PROVIDED ENTRIES START
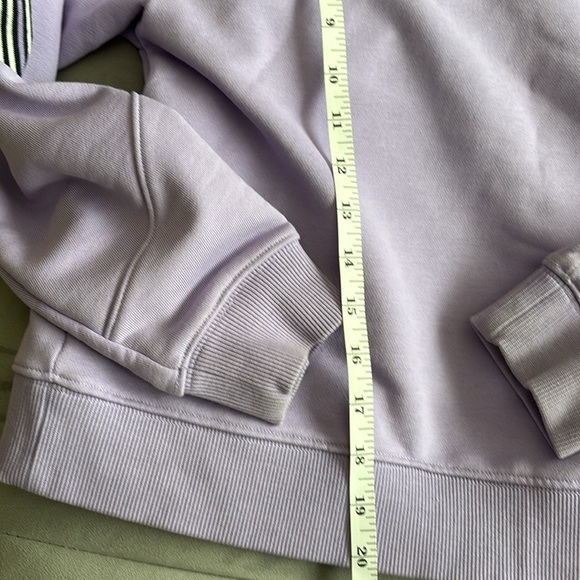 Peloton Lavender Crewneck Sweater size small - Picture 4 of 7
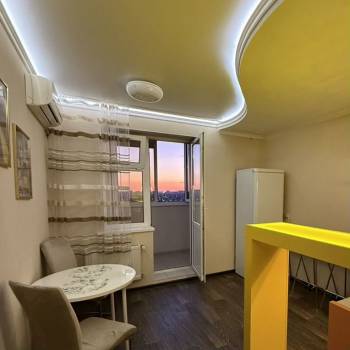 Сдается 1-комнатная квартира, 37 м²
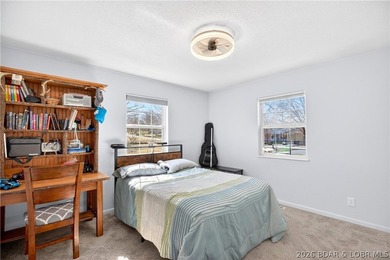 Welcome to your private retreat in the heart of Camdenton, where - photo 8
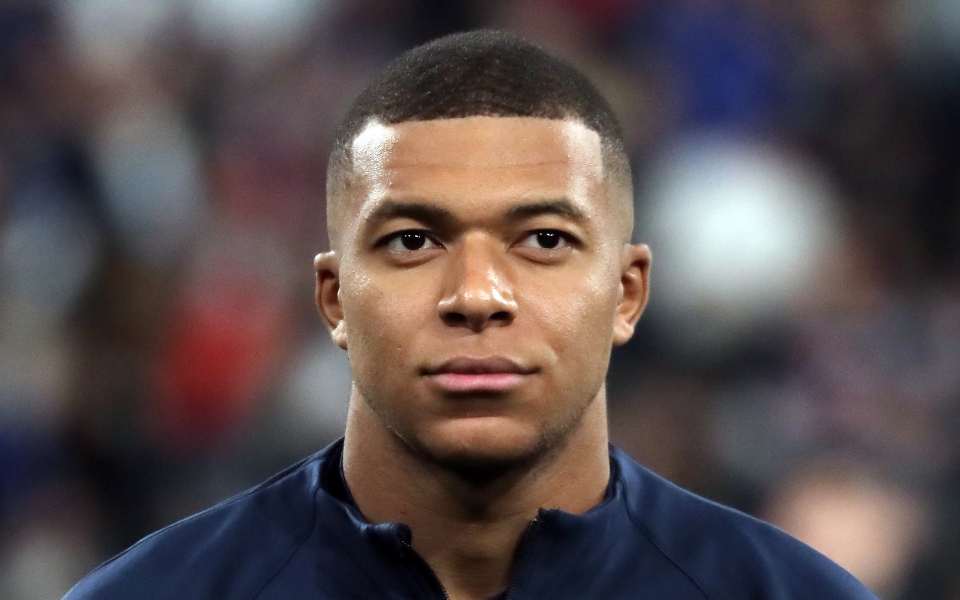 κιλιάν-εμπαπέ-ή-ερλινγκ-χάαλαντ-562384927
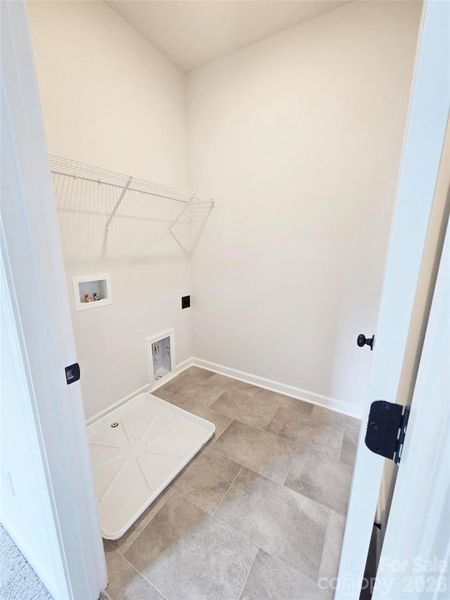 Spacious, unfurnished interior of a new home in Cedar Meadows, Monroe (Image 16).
PROVIDED ENTRIES END
## WHAT THE EXERCISE ASKS
Exactly the lines from the one with "κιλιάν-εμπαπέ-ή-ερλι" through the end of the records are to be repeated, both ends included, and pictures are to be omitted.

## RESPONSE TO THE TASK
 κιλιάν-εμπαπέ-ή-ερλινγκ-χάαλαντ-562384927
 Spacious, unfurnished interior of a new home in Cedar Meadows, Monroe (Image 16).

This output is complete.